これまで、拡散板や平板構造の光学部品中を伝わる、ある瞬間の超短光パルスが記録された例は報告されていたものの、ピコ秒やそれ以下の極めて短い時間間隔で伝播する複数の超短光パルスや動く物体は、通常のカメラではそれぞれの動きを分解できず重さなって記録されてしまうため、記録・観察することは困難だったとする。
今回の研究で提案された技術では、極めて短い時間間隔で2つの超短光パルスを発生させる遅延光学系と呼ばれる光学システムが開発され、さらに2つの動画を空間的に分割して記録する手法も導入することで、極めて短い時間間隔で発生する、複数の超短光パルスの記録・観察が実現されたという。
実証実験として、今回の研究では、1.78ピコ秒の時間間隔を与えた拡散板上を伝播する2つの超短光パルスの記録を実施。

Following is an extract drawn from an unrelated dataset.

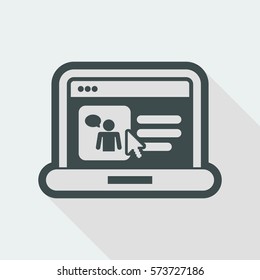 Private account on laptop - Vector icon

光が伝播する様子をわかりやすくするため、拡散板には解像力テストチャートのパターンを貼り付ける形で実施され、その結果、それぞれの超短光パルスが伝播する様子が重畳することなく、スローモーション動画として観察することに成功したという。
ただし課題として、細胞の観察や材料加工に適用するには観察範囲が広すぎること、微弱光の検出が困難であることが挙げられるとしており、その理由として、顕微鏡光学系などの拡大観察が可能なシステムを導入していないことや、記録時に余分な光が発生していることを主な原因と研究チームでは挙げている。
なお、細胞の観察や材料加工で照射される超短光パルスの数はより多数であるため、今後は記録できる超短光パルスの数を増加させる、新たな光学系の開発も行う予定としている。